The Baillieu government has conceded its controversial wind farm policy is powerless to control the biggest expansion of wind energy in Victoria’s history, with 1322 new turbines planned across 28 approved developments.
Before the Brumby government lost office, embattled planning minister Justin Madden approved about $5 billion of wind energy projects. If all farms go ahead, Victoria will have eight times its current wind generation capacity, from 427 megawatts to 3619 megawatts, equivalent to two Latrobe Valley brown-coal power stations.
Under the Coalition’s wind farm election policy, welcomed by anti-wind farm campaigners, residents can veto a development if turbines are less than two kilometres from their home. Planning authority was also given back to local councils.
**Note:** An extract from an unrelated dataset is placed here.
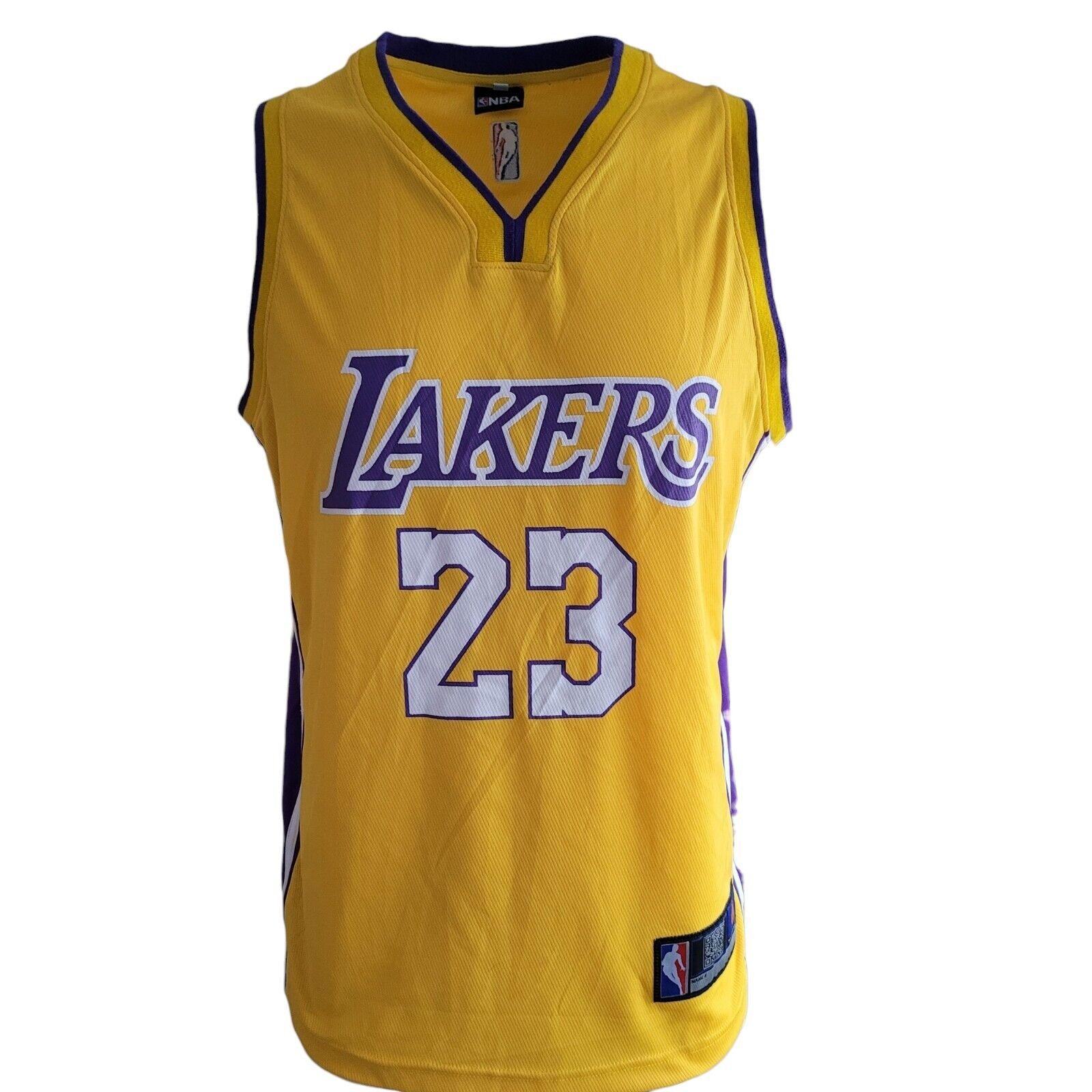 LeBron James #23 Lakers Retro Basketball Jersey Youth 2XL Yellow-USASTARFASHION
When the policy was released in June, the wind industry said it would kill off investment.
But in a concession likely to disappoint local anti-wind farm groups, new Planning Minister Matthew Guy told The Sunday Age that although several of the approved farms were contentious, the Coalition would not retrospectively apply its policies to the 28 wind farms already holding planning approvals. Such a move, he said, would create serious risks for business in Victoria. ”We made it very clear to everyone we couldn’t touch permits that were already granted.”
The new minister encouraged energy companies to be ”mindful” of the government’s guidelines when building their projects. Coastal Guardians spokesman Tim Le Roy, who welcomed the election of Mr Baillieu, acknowledged the government had a problem applying its policy retrospectively but urged the industry to embrace the guidelines on a voluntary basis.
The Coalition hoped its wind farm policy would play well in the regional marginals of Ballarat East and Ripon, where the developments have been numerous and controversial. In a post-election analysis of booths in these areas, the industry claimed wind farms had made no material difference to the way people voted. Labor held on to both Ballarat East and Ripon.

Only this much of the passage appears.